The typical ETL-based data warehouse uses staging, integration, and access layers to house its key functions. The staging layer or staging database stores raw data extracted from each of the disparate source data systems. The integration layer integrates the disparate data sets by transforming the data from the staging layer often storing this transformed data in an operational data store (ODS) database. The integrated data is then moved to yet another database, often called the data warehouse database, where the data is arranged into hierarchal groups often called dimensions and into facts and aggregate facts. The combination of facts and dimensions is sometimes called a star schema.
The access layer helps users retrieve data.[1]
A data warehouse constructed from integrated data source systems does not require ETL, staging databases, or operational data store databases. The integrated data source systems may be considered to be a part of a distributed operational data store layer. Data federation methods or data virtualizationmethods may be used to access the distributed integrated source data systems to consolidate and aggregate data directly into the data warehouse database tables. Unlike the ETL-based data warehouse, the integrated source data systems and the data warehouse are all integrated since there is no transformation of dimensional or reference data. This integrated data warehouse architecture supports the drill down from the aggregate data of the data warehouse to the transactional data of the integrated source data systems.

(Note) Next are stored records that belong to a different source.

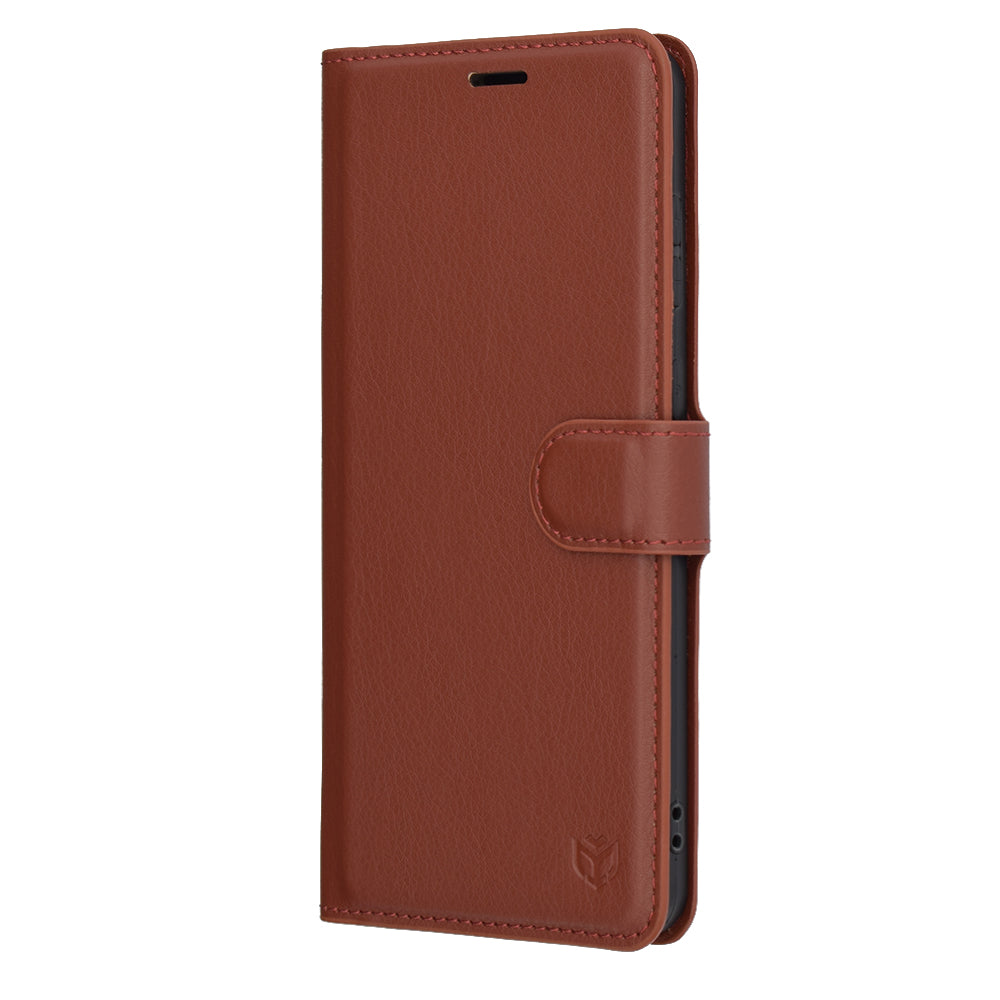 Techsuit - Leather Folio - Galaxy S25 Edge - Brown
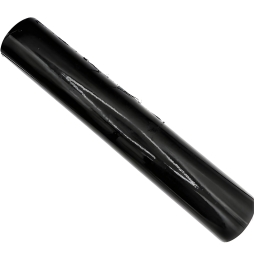 EcoPrice® Pellicola Film Estensibile Nero Da 1,8 Kg 23 Micron Bobina Super Resistente 1 Rotolo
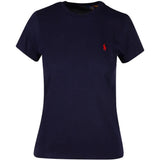 Camiseta com logo bordado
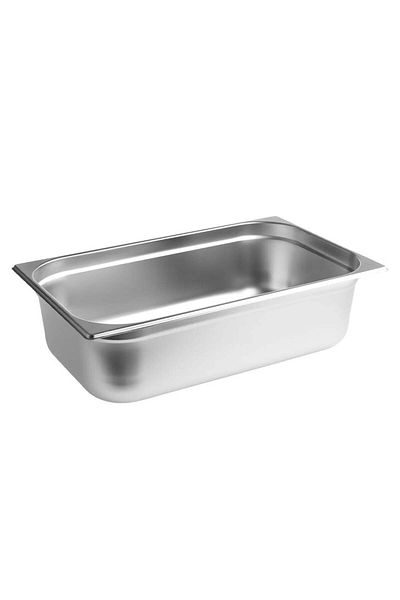 PUFO Tavă gastronorm din oțel inoxidabil pentru depozitarea alimentelor, înghețatei, restaurante, fast-food, horeca, 3 L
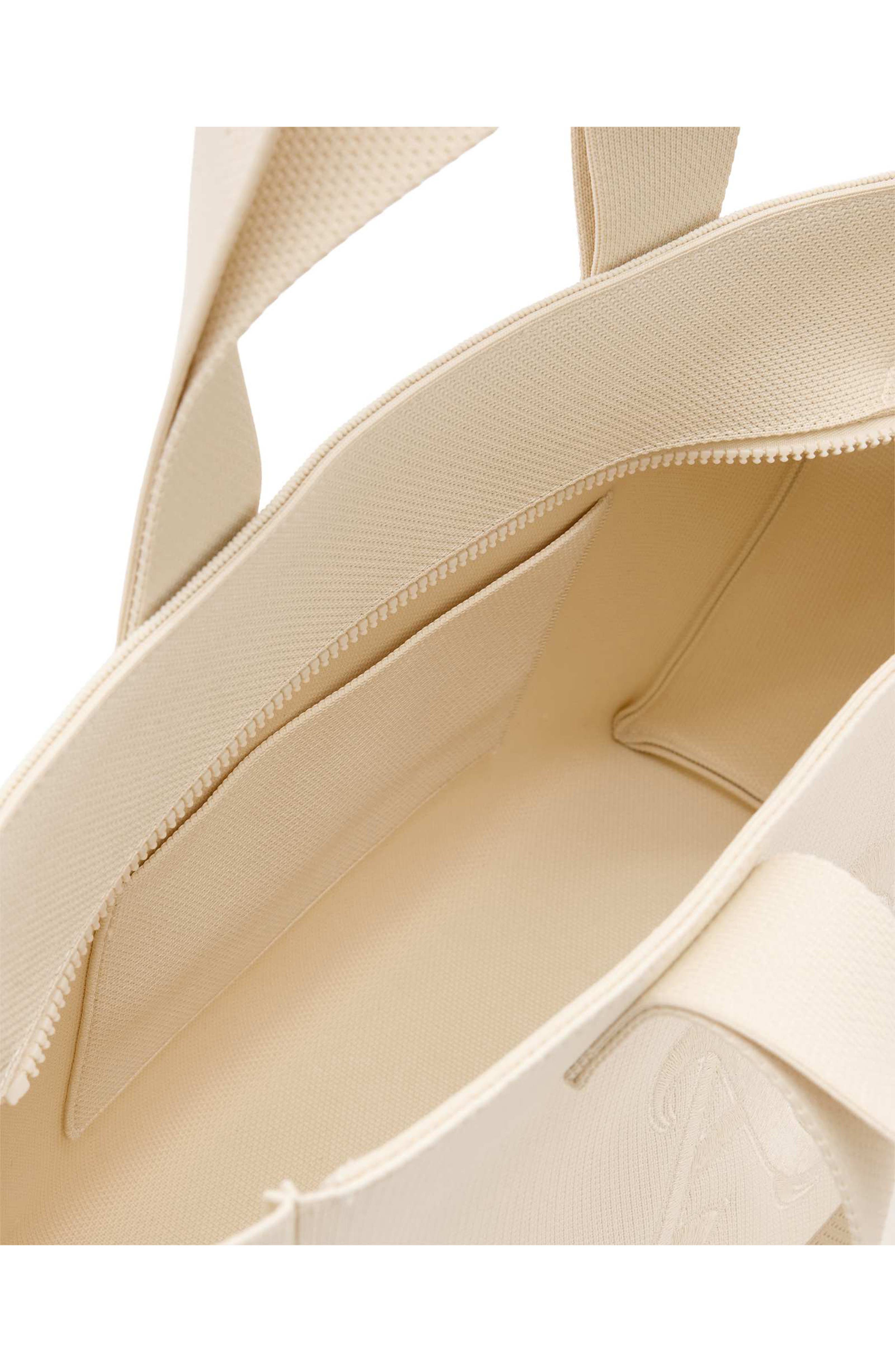 Izzy Medium Tote Bag, Alternate, color, BARLEY WHITE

Benefits of a data warehouse
A data warehouse maintains a copy of information from the source transaction systems. This architectural complexity provides the opportunity to:
1 Maintain data history, even if the source transaction systems do not.

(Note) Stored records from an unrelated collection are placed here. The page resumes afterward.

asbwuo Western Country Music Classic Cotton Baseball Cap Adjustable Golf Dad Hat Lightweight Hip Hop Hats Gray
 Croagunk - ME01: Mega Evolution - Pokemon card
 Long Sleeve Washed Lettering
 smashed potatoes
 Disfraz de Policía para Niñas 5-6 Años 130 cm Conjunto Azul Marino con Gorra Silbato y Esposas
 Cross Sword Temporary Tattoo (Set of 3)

2 Integrate data from multiple source systems, enabling a central view across the enterprise. This benefit is always valuable, but particularly so when the organization has grown by merger.

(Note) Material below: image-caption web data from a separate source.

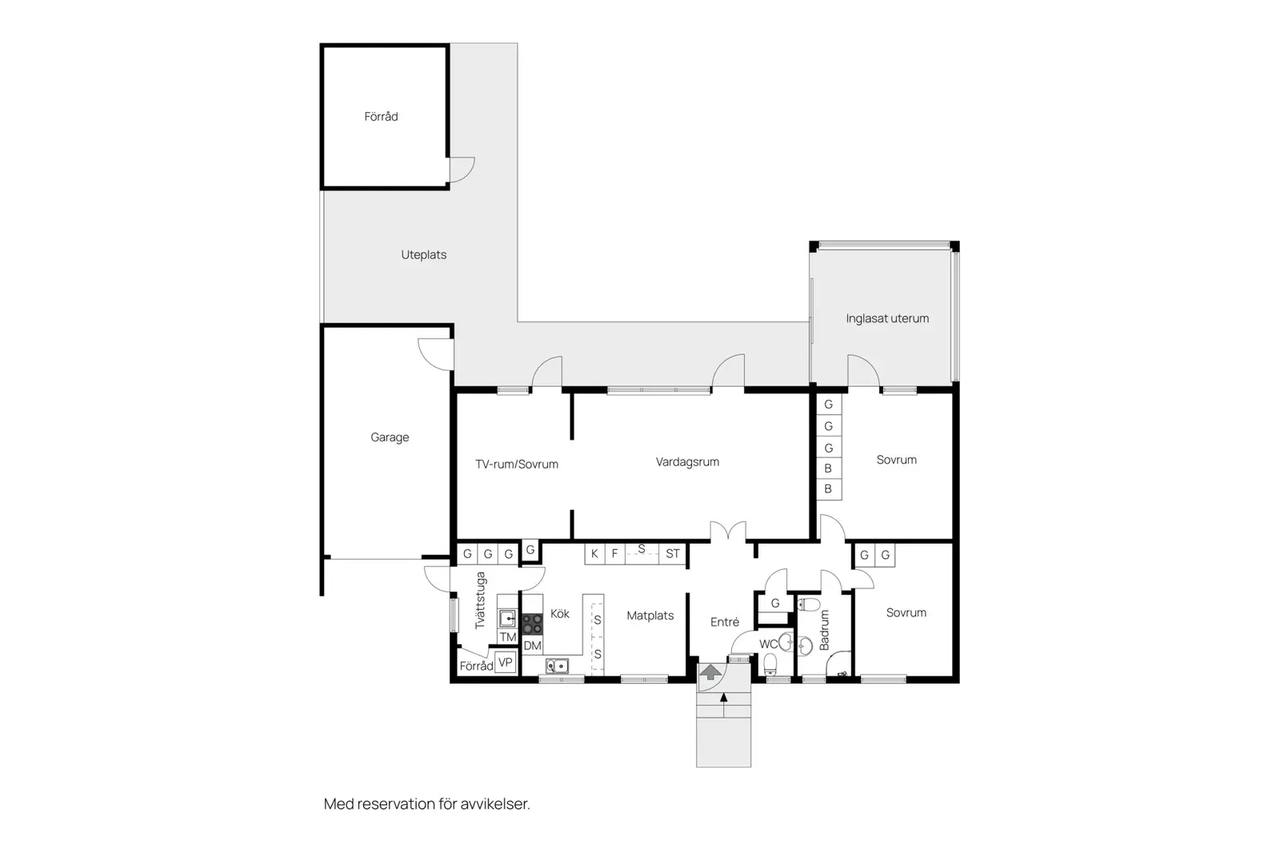 Floor plan for Plommonvägen 7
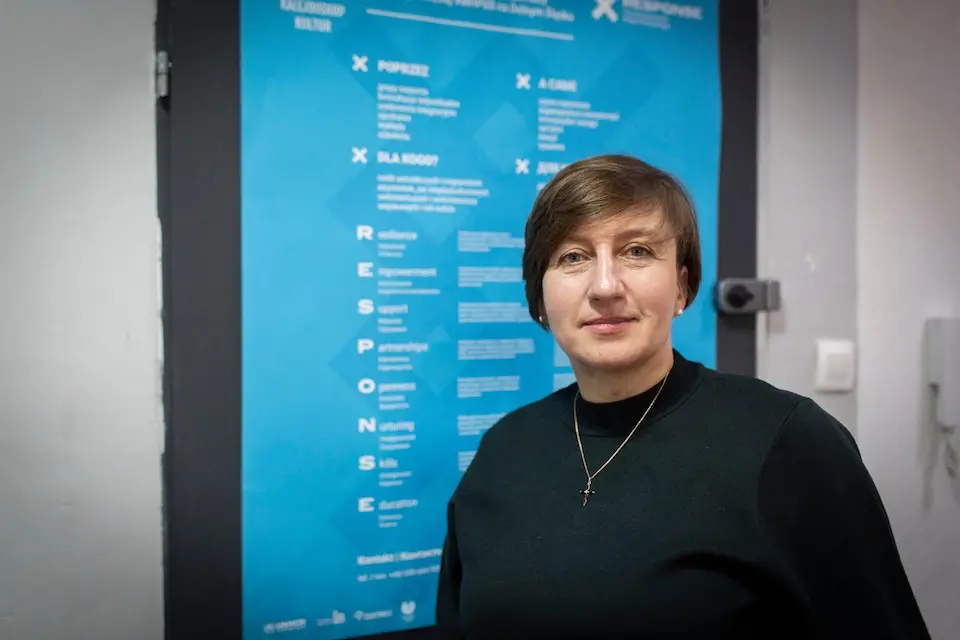 Psychologist Oksana Gorna in Wroclaw, Poland. 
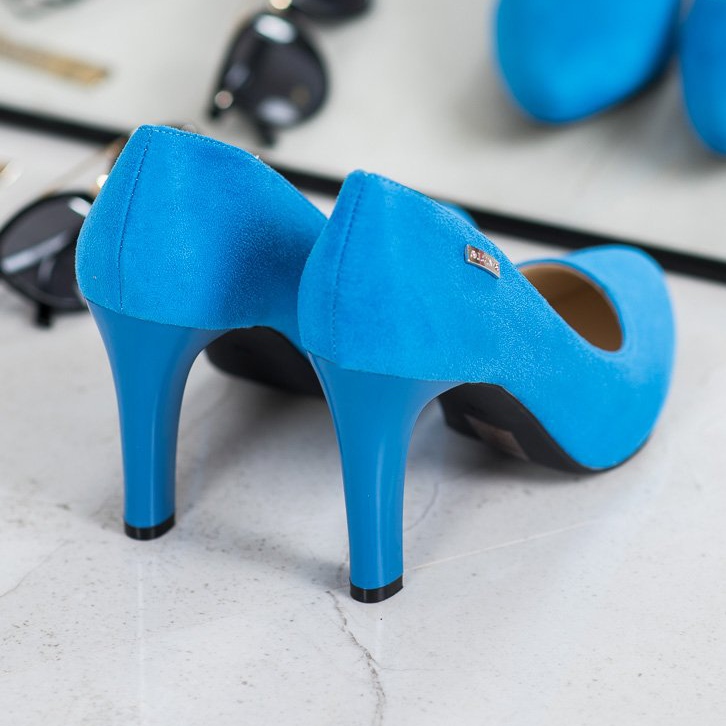 J. Star Elegante Pumps blau 1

3 Improve data quality, by providing consistent codes and descriptions, flagging or even fixing bad data.
4 Present the organization's information consistently.
5 Provide a single common data model for all data of interest regardless of the data's source.
6 Restructure the data so that it makes sense to the business users.
7 Restructure the data so that it delivers excellent query performance, even for complex analytic queries, without impacting the operational systems.
Add value to operational business applications, notably customer relationship management (CRM) systems.
History
The concept of data warehousing dates back to the late 1980s[2] when IBM researchers Barry Devlin and Paul Murphy developed the "business data warehouse". In essence, the data warehousing concept was intended to provide an architectural model for the flow of data from operational systems to decision support environments. The concept attempted to address the various problems associated with this flow, mainly the high costs associated with it. In the absence of a data warehousing architecture, an enormous amount of redundancy was required to support multiple decision support environments. In larger corporations it was typical for multiple decision support environments to operate independently. Though each environment served different users, they often required much of the same stored data. The process of gathering, cleaning and integrating data from various sources, usually from long-term existing operational systems (usually referred to aslegacy systems), was typically in part replicated for each environment. Moreover, the operational systems were frequently reexamined as new decision support requirements emerged. Often new requirements necessitated gathering, cleaning and integrating new data from "data marts" that were tailored for ready access by users.